The scheme, which will start in October and run for two years, will take place in four GP practices across the Capital. It will be run in conjunction with Voices of Carers Across Lothian and Marie Curie Hospice Edinburgh.

Prof Murray said: “GPs, practice nurses and district nurses are ideally placed to help family carers because they meet with people in that position every day.”

The announcement of the £122,000 grant coincides with National Carers’ Week, which recognises the contribution made by six million unpaid carers in the UK.

Applications were invited from research teams focusing on the circumstances of unpaid carers and the education needed to help them gain the practical and nursing skills to care for loved ones at home.

Dr Teresa Tate, medical adviser and research lead for Marie Curie Cancer Care, said: “All of us who care for terminally ill people are aware of the essential role of so-called informal carers – usually a patient’s partner, children and other relatives. But there has been very little research into the pressures they face, or how they could best be supported.

“Projects such as this will provide evidence about carers’ needs and how they can be met.”

Broadcaster Jonathan Dimbleby, trustee of Dimbleby Cancer Care, said: “The outcome of these first-rate research projects will play a major part in improving the support for these carers in the future.”

Case study: ‘Hospice team care was exceptional’

Jackie Callander, who cared for her terminally ill husband Henry, said she was “lucky” to have received so much support.

Her GP recognised she would require support and put her in touch with the Capital’s Marie Curie hospice.

Henry, pictured inset, who had Motor Neurone Disease, died in 2010 having suffered from the illness for 18 months. Jackie, 62, from Pathhead, said: “It was a very difficult time when my husband was diagnosed. He was a very strong man, an ex-soldier, and determined not to complain.

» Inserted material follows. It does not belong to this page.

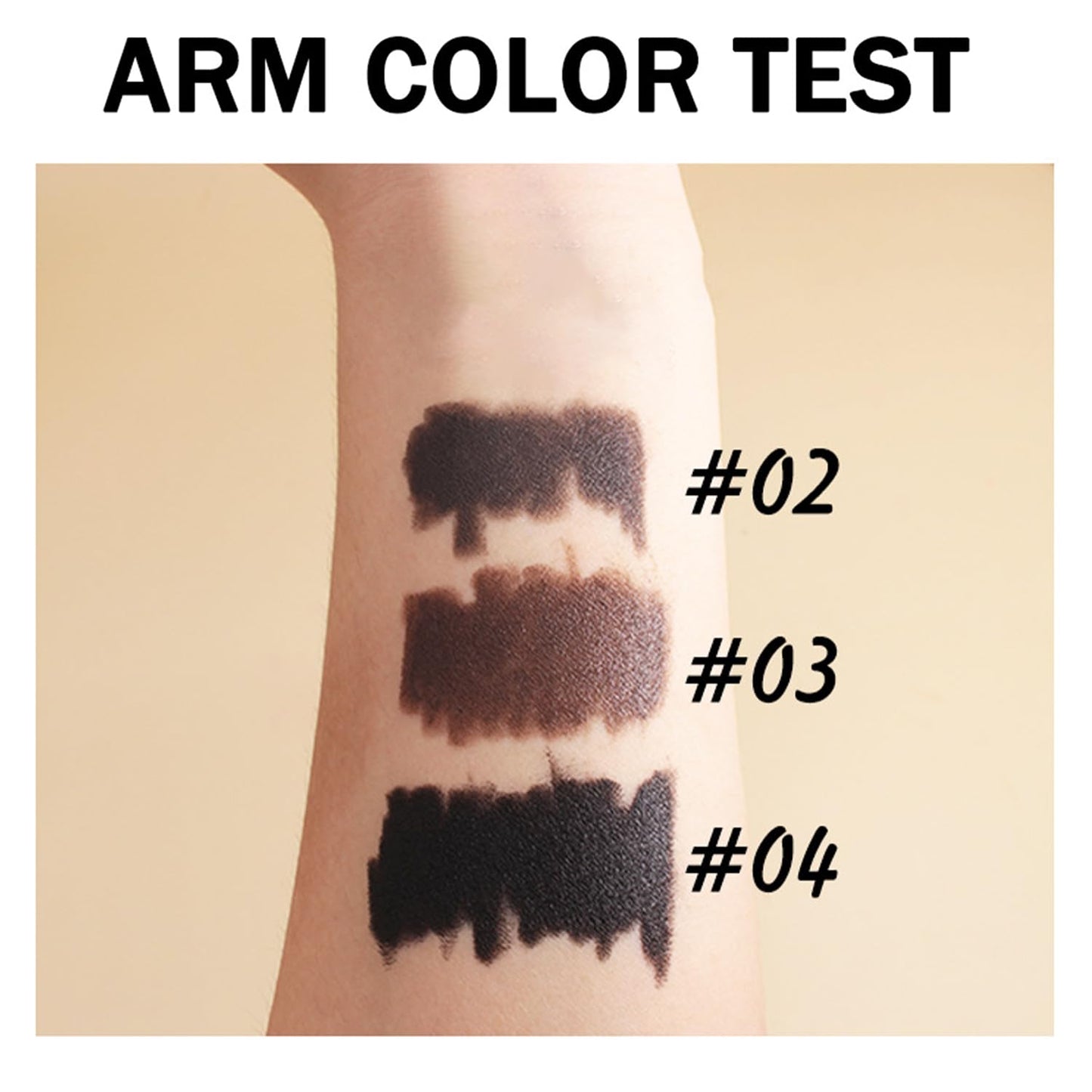 Generic Waterproof Brown Gel Eyeliner Cream for Bold Definition–Smudge Proof, Long-Lasting, Quick Drying Gel Eye Liner Pen for All-Day, Perfect for Everyday Looks, Work, Special Occasions Makeup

“I was really lucky to have such a fantastic GP. She put me in touch with the Marie Curie Hospice and over the next year I went there once a month, to talk with a nurse called Katherine.

“It was wonderful to have that time for me – she even suggested I bring my children along when they came home to visit, so we all went along.

“The hospice team took us in as a package but treated us as individuals. The care was exceptional.

“I don’t know how we would have coped without the help they offered.”